Yes, but GPT-4 is sophisticated enough to tell where the syntax error is. It’s just a stochastic parrot, but finding the syntactic error in a block of code is, like language translation, actually an “intelligence” task that a stochastic parrot is well-qualified at. And, like I say, when I pasted the code a few times today, it gave more or less the right answer – there’s no obvious syntax error but here are a few things you might want to think about. It was only the one time right after VSCode complained that it also complained about the exact same line.

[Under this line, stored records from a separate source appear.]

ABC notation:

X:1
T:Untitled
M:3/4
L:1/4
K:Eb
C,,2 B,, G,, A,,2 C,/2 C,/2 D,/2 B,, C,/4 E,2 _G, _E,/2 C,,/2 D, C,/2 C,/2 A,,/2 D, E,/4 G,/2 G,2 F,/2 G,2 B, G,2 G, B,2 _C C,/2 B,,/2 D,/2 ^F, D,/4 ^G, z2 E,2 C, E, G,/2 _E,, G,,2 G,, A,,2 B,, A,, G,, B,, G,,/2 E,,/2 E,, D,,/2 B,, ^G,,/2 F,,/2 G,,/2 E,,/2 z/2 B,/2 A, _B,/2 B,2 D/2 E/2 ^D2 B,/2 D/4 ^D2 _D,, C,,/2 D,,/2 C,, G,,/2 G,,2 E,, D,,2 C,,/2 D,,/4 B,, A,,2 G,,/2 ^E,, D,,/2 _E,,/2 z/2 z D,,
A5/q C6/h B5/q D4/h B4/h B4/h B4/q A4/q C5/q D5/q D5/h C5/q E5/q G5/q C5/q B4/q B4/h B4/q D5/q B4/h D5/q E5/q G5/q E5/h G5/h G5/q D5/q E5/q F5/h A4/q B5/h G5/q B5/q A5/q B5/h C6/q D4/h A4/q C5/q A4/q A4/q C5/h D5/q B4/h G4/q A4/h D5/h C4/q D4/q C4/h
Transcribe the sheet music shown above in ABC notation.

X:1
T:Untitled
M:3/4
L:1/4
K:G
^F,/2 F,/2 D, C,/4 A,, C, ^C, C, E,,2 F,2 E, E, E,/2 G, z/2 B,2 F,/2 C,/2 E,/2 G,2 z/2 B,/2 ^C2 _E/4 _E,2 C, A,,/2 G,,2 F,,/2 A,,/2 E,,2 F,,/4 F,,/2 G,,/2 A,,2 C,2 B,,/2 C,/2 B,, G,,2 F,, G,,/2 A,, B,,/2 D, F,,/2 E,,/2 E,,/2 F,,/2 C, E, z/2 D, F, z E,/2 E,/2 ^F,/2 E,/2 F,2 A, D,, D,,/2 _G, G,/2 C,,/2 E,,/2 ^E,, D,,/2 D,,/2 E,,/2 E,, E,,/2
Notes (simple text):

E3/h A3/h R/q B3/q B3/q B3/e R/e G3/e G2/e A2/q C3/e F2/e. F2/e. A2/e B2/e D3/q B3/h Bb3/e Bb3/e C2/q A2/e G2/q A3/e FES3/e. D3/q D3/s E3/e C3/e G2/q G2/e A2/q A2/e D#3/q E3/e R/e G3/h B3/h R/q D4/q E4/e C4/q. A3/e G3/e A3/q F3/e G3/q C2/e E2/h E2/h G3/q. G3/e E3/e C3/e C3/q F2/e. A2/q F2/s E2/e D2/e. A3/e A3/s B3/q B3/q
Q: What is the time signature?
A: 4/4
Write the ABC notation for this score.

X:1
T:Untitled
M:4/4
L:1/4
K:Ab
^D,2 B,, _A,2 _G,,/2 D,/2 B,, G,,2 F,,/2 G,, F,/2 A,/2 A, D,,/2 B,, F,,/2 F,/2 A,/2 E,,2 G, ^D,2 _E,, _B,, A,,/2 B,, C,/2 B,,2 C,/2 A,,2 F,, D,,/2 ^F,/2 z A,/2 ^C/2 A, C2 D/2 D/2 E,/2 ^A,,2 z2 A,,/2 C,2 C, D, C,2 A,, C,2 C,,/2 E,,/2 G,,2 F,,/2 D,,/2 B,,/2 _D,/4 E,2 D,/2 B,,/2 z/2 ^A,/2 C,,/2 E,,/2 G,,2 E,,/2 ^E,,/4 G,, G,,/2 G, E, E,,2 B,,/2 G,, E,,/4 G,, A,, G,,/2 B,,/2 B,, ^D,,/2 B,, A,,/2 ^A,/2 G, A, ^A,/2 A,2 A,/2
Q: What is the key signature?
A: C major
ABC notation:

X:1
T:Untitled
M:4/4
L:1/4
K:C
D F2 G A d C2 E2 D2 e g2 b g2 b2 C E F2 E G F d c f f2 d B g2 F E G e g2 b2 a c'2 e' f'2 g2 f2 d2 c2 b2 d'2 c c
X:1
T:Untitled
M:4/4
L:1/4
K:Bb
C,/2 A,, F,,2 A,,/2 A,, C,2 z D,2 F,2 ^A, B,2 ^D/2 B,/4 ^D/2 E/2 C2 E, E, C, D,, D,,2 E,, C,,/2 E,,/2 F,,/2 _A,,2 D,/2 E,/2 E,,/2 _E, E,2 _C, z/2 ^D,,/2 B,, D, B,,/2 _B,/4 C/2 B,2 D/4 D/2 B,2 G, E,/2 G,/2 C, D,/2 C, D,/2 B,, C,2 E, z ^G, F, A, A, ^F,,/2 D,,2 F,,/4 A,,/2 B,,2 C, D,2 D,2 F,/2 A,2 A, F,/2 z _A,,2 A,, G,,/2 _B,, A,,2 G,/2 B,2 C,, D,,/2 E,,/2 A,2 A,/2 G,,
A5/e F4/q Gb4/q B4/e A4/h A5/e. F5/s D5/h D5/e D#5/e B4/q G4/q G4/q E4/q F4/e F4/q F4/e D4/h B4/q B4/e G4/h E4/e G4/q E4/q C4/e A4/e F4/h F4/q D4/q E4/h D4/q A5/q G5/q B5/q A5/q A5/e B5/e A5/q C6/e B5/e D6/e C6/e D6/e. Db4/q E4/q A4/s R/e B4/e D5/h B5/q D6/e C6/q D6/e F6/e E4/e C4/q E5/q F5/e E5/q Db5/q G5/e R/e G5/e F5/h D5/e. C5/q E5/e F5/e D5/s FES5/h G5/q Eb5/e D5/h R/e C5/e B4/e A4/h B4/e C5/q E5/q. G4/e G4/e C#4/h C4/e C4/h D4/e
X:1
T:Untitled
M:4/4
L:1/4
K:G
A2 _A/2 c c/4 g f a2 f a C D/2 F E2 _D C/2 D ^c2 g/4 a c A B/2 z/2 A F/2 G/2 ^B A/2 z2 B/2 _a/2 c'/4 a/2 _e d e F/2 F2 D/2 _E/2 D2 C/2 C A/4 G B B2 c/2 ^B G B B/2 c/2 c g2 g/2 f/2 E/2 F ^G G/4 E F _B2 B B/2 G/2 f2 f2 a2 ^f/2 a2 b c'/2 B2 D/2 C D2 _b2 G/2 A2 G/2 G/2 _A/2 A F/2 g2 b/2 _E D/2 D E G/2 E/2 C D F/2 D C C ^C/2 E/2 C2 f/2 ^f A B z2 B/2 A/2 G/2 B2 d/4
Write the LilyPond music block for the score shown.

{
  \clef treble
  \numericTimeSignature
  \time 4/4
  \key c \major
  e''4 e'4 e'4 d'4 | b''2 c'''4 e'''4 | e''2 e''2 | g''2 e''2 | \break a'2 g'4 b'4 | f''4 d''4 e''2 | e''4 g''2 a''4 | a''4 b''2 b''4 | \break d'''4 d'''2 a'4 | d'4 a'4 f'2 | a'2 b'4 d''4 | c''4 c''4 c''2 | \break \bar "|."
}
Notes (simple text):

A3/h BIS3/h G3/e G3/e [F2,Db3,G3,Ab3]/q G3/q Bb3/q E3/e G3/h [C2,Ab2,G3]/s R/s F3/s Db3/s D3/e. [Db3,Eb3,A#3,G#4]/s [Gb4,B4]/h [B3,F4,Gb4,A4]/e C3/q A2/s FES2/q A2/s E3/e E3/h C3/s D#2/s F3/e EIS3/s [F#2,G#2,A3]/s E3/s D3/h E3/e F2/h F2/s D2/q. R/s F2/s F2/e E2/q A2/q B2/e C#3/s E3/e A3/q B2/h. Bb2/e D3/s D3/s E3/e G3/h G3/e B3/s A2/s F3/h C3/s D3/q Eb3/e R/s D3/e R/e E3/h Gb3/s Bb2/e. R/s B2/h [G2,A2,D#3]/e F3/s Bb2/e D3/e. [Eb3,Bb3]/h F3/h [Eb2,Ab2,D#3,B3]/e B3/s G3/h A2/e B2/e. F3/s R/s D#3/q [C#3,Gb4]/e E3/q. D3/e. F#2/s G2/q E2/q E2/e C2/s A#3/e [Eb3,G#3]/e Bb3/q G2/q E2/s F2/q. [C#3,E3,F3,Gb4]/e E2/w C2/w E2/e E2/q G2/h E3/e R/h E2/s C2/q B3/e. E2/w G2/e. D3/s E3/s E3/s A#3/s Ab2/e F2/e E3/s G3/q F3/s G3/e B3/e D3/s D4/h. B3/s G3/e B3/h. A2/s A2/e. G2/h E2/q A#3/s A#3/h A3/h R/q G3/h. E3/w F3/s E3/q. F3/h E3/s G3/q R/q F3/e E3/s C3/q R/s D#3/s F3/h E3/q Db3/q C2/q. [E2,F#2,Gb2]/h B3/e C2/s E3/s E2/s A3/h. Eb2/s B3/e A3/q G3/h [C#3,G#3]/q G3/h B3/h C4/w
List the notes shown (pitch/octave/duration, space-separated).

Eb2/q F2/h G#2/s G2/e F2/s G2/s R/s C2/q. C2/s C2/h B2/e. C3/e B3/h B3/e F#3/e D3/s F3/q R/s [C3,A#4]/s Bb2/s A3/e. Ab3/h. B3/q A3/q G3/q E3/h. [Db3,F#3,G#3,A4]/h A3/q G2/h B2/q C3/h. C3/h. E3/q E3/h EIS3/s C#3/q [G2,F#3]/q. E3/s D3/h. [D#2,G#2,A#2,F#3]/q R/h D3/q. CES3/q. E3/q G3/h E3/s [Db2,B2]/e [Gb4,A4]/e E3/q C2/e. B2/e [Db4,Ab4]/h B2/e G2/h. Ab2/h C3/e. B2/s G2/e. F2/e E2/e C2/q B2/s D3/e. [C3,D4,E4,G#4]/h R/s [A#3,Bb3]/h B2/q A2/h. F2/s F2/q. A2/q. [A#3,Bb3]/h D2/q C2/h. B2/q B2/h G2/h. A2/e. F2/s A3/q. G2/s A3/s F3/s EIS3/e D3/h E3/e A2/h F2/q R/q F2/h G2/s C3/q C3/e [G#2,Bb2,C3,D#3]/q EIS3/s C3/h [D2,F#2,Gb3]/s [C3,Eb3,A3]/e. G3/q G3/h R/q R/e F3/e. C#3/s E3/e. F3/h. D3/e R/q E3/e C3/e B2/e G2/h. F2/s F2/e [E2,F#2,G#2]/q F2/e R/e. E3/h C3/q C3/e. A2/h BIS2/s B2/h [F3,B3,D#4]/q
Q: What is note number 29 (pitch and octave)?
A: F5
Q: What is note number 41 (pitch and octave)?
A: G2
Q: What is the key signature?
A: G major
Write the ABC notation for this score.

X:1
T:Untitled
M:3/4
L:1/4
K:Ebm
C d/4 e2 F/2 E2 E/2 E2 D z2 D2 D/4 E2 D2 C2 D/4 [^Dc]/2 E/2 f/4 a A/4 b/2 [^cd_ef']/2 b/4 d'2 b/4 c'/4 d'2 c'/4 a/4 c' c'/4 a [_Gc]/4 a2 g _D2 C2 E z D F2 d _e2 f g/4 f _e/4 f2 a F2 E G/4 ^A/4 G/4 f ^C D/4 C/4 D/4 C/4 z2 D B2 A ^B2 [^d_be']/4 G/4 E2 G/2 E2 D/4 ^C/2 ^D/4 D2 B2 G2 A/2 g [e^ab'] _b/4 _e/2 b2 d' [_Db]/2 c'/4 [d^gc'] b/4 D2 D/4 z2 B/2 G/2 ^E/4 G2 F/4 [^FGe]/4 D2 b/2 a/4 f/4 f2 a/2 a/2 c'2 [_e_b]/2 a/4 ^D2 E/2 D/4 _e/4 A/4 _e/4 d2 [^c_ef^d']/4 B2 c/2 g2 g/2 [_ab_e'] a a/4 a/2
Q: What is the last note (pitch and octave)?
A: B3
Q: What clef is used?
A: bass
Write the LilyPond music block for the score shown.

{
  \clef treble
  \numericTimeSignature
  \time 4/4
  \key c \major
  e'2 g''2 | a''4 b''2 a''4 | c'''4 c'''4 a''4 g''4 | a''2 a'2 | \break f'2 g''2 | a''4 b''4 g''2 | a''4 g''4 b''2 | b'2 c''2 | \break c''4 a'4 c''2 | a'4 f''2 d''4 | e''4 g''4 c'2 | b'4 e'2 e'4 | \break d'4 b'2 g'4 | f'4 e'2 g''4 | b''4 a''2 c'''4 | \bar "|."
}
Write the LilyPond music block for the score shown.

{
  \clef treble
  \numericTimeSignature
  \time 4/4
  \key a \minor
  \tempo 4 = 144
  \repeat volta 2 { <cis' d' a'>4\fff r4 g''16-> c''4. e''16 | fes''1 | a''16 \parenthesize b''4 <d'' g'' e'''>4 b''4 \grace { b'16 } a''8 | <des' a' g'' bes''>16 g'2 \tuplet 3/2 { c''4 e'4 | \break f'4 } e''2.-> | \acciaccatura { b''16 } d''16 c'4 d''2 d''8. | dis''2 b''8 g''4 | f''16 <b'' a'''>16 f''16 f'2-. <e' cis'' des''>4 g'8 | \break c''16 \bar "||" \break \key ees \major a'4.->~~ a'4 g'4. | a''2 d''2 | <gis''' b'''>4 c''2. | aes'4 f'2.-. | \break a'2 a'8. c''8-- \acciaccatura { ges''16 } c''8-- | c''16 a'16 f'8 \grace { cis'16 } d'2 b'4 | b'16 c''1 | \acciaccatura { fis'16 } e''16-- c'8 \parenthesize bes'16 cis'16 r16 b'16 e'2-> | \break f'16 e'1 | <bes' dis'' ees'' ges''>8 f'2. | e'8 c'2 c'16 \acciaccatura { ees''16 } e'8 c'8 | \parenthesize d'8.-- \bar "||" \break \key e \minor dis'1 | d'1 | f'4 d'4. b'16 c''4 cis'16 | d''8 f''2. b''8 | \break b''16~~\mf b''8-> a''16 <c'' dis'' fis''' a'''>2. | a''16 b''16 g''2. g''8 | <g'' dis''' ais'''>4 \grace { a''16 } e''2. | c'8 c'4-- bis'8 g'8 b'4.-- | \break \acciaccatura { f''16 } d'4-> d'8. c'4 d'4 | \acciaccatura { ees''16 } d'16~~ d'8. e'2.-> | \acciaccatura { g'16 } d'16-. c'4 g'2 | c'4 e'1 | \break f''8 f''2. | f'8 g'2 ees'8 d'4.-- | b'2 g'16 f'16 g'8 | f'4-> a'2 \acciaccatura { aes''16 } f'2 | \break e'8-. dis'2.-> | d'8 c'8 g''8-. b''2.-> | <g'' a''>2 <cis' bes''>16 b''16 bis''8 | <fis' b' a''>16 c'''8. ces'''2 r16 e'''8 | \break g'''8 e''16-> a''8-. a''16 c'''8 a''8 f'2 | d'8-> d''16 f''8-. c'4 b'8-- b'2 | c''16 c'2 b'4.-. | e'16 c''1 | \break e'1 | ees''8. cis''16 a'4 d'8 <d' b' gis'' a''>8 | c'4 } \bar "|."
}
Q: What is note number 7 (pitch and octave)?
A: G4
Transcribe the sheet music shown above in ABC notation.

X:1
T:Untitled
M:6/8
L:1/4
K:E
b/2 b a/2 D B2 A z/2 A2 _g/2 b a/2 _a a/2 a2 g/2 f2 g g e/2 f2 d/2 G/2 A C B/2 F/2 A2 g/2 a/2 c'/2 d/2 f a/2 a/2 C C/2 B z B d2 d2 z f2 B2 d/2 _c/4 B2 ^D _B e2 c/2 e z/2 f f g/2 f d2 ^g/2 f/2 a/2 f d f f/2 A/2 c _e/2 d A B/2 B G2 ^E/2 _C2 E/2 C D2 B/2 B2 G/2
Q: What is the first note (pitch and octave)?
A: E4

That doesn’t explain why VSCode complained about the same line. Unless VSCode has started doing syntax checking with an LLM which I would be surprised to find out was the case (for computational-cost reasons if for no other reasons.)
There’s no actual syntax error. I even put the whole thing into hexl-mode just to make sure there wasn’t some hidden Unicode character mucking it up in some invisible way. I thought I was just missing something unexpected (maybe a brace problem somewhere else in the code) and blaming my tools, but at this point I’ve literally pasted back the exact code I gave to GPT in the first place, and it works now for both GPT and VSCode.
(Edit: Oh, and I didn’t tell it what VSCode was complaining about. I specifically asked the question in the way that I quoted above, specifically so that it wouldn’t get hinted to look at a particular line or what the issue might be. The fact that it zeroed in on exactly the same issue that VSCode did, even when the code was completely separated from anything like brace problems in the surrounding code that might be causing weird problems, was what started to weird me out. When I pasted its identical if-block back into my code which still would have had the same surrounding brace problems if that was the issue, and it started working, was when I got significantly more weirded out.)
I was going to make the point that there may not be an error, but because you tell it to give you one, it finds something. But that doesn’t explain VSCode, you’re right. Every once in a while an IDE is just wrong. I was going to suggest trying a different IDE which might give you a less cryptic message. I often times find bad brace errors to be a result of something much higher in the code.
But again, not knowing PHP, I could only take a stab at answering why with the AI. I’ve tried many times to have an AI help me with these tasks. And sometimes it’s very good at them, but other times I can spend hours refining my query and arguing with it and never make any headway.
Haha yeah. That’s why I tried it again a few times today. Today everything is normal.
shrug
It is a mystery. Maybe it is just a coincidence of failures, or maybe Copilot actually is used for some syntax-highlighting things and there was some transient subtle failure in the model that affected both Copilot and GPT. Neither of those explanations really feel plausible to me though. Oh well.